#### What you will do:
Starting at the line that contains "ST651.546.09 Св-к трек.", transcribe each line through the end of the material below, exactly and nothing else, leaving out the pictures.

#### Supplied material:
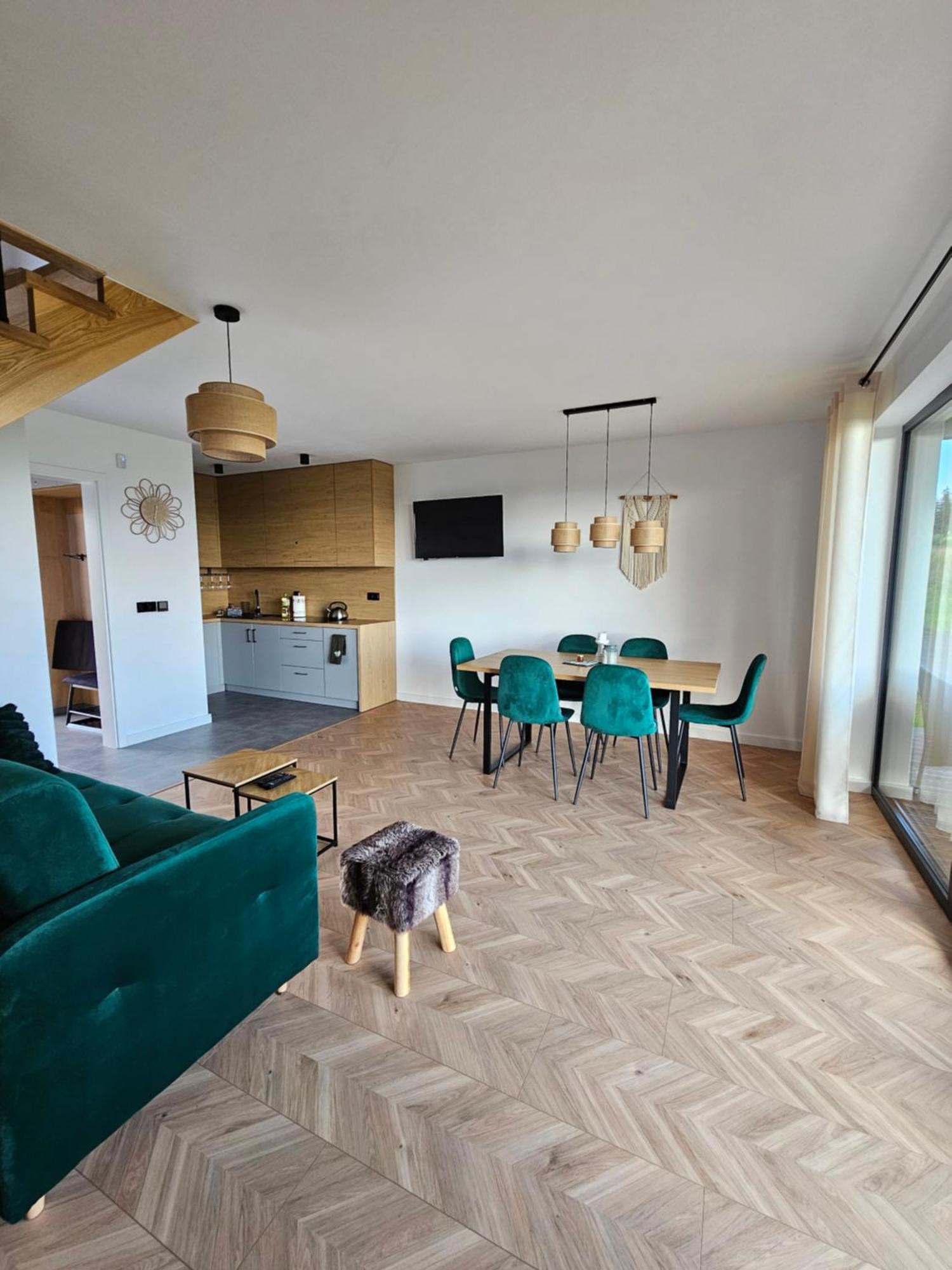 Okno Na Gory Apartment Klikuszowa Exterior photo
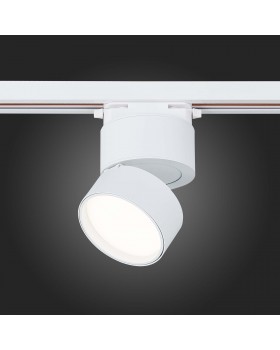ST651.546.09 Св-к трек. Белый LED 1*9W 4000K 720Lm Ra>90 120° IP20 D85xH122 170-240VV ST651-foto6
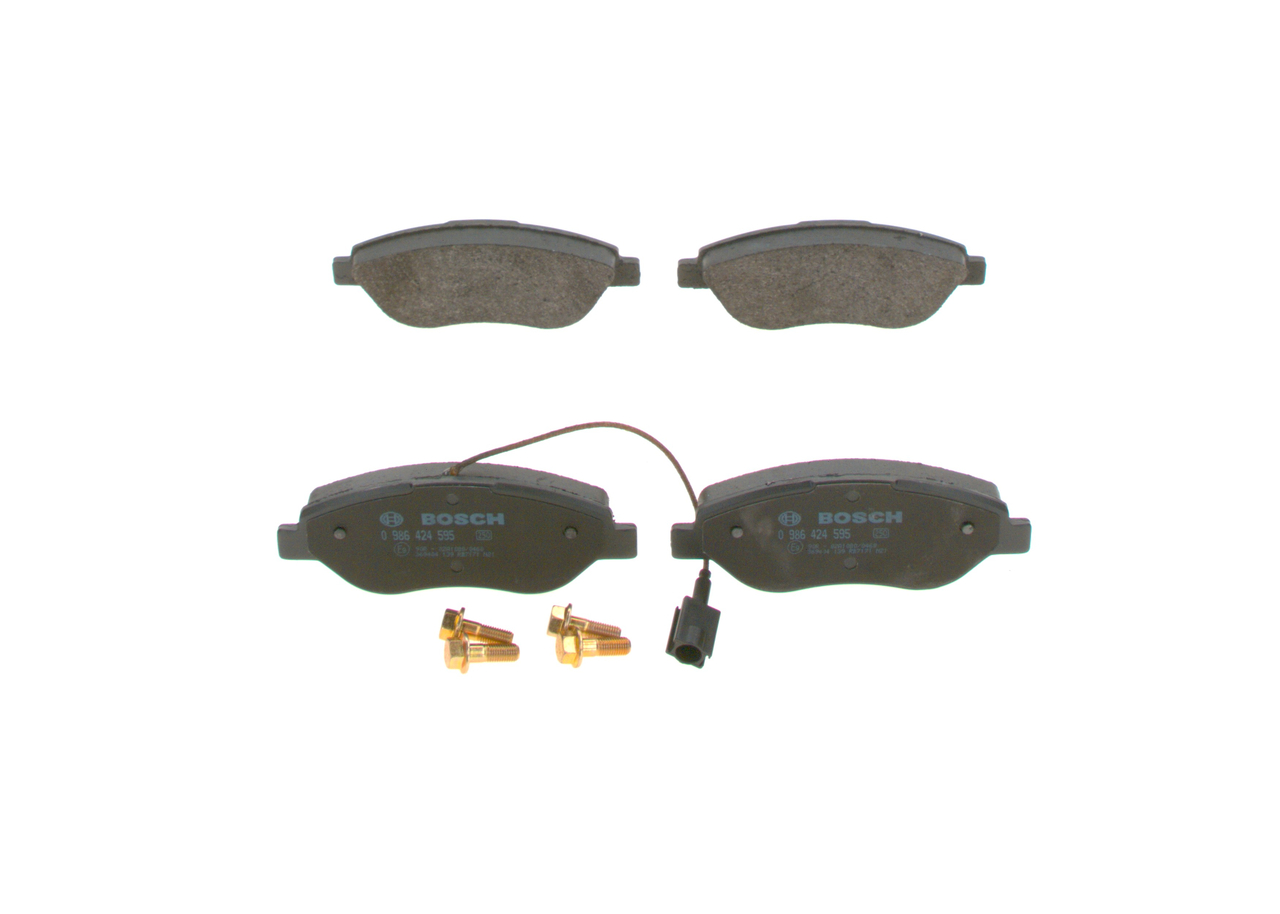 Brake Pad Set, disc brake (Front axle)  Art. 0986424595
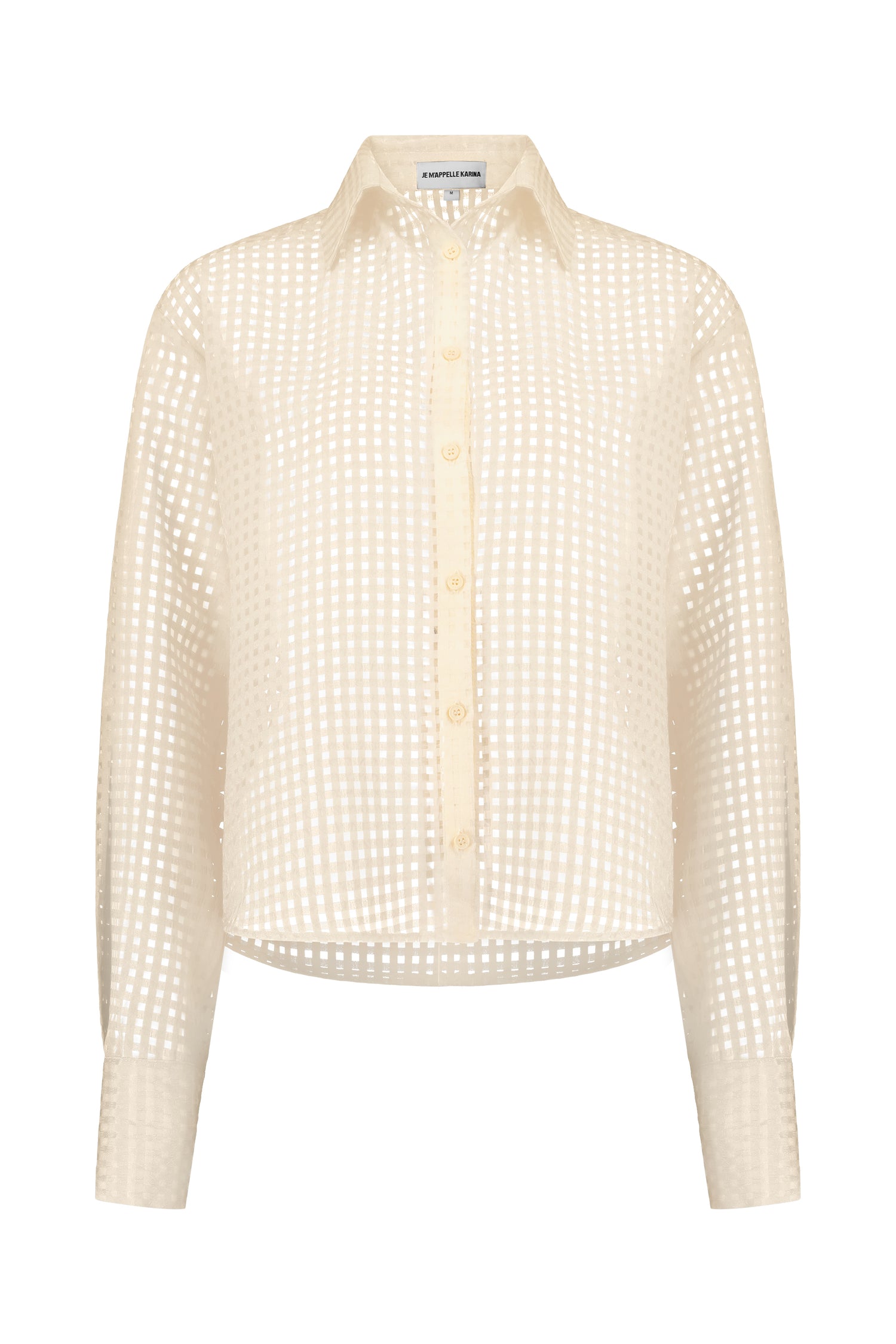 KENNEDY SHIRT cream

#### Exercise solution:
ST651.546.09 Св-к трек. Белый LED 1*9W 4000K 720Lm Ra>90 120° IP20 D85xH122 170-240VV ST651-foto6
 Brake Pad Set, disc brake (Front axle)  Art. 0986424595
 KENNEDY SHIRT cream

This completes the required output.